What new experiences could this system offer that would be worth standing in Wal-Mart’s frigid entryway for six hours (and longer for those who had already been there when I arrived)? Walking down the line and polling people on which launch games they were purchasing, there was a universal refrain: Twilight Princess.
Upon getting home from the store with my copy in hand, I greedily unwrapped it, tore open the Wii, and popped the game in, ignoring my friends’ pleas to try Wii Sports first. As it turned out, this was a mistake. Twilight Princess has a notoriously slow first few hours, and I gave up when I got stuck trying to figure out the correct way to catch a fish.
Ignoring these early frustrations the next day, I pressed on and spent the next week plowing through Twilight Princess with as few breaks as I could handle. Sleep? Didn’t need it. College classes? Unless my professors decided to teach the history of Hyrule or the correct procedure for defeating a Deku Toad, they were useless.
Even more so than the near-perfect Ocarina of Time, Twilight Princess pulled me into the realm of Hyrule and made it feel like a real place. Maybe it was the more realistic style or the darker tone, or maybe it was how Hyrule Castle loomed in the distance from almost any point in the game’s overworld, constantly reminding me of my inevitable goal. It also boasted a greater size than the rest of the series, with my first playthrough easily lasting more than 40 hours – plenty of time to build up the world and characters such as the Link-idolizing Colin, the mysterious Twilight being Midna, and a shockingly melancholy Princess Zelda.
Another change to the Zelda formula that I don’t think Twilight Princess gets enough credit for is its inventive dungeons that fit into the world more naturally. While the majority of dungeons in Zelda games past took place in out-of-context temples or castles, Twilight Princess maintained the traditional structure in unique, world-building settings. Before my adventure was done, I had explored a Yeti-inhabited mansion on top of a snowy mountain, a gilded city in the sky, and a desert prison. Ocarina of Time and A Link to the Past had toyed with strange dungeon settings a bit, but Twilight Princess did it more frequently and better than any other game in the series.

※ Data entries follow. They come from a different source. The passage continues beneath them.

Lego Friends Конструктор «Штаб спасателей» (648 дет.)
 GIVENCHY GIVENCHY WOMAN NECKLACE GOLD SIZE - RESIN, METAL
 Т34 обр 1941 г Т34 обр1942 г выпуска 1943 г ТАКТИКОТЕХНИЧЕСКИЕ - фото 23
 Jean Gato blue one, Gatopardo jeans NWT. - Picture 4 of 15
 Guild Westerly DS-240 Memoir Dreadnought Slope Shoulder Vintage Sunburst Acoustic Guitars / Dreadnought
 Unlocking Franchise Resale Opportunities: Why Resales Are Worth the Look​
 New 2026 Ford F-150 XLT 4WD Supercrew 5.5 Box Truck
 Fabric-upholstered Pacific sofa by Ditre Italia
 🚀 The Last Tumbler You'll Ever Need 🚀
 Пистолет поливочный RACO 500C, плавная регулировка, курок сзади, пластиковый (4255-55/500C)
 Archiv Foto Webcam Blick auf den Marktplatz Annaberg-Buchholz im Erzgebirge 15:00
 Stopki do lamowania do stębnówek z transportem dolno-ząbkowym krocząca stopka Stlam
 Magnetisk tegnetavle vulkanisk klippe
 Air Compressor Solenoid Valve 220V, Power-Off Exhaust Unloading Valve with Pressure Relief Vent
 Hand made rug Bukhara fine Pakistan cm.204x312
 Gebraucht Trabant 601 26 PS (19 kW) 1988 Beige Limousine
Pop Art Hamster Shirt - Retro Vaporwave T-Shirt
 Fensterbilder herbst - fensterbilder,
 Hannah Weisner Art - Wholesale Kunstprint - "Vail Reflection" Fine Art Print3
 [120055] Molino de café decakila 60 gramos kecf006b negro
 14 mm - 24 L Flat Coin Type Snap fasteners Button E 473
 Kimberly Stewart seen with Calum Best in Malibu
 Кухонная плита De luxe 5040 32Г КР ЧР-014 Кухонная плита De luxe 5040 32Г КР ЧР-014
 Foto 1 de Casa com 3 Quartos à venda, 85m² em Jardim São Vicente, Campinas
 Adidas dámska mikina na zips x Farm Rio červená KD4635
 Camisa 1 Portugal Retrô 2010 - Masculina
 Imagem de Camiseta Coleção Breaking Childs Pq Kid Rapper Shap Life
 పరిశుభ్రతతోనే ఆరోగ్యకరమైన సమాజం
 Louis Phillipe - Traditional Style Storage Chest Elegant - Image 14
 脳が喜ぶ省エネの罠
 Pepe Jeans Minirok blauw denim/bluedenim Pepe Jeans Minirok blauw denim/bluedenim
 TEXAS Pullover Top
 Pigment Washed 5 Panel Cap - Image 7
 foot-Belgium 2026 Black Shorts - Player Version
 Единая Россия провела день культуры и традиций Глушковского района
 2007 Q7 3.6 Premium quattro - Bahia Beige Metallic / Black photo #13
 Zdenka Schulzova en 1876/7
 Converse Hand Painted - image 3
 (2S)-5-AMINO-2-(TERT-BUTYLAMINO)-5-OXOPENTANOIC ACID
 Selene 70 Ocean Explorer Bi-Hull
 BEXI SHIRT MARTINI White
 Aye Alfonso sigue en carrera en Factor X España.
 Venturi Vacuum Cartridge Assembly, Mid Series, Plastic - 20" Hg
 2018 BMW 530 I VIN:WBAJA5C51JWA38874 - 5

Perhaps my appreciation for Twilight Princess over Ocarina of Time relates to buying a Wii at launch and not having an N64 available until years after Ocarina of Time had come out. Whatever the reason, as far as I’m concerned, Twilight Princess is hands-down the best game in the series. To this day, it’s one of the only games I will ever consider worth standing in line with a bunch of teenagers for an evening.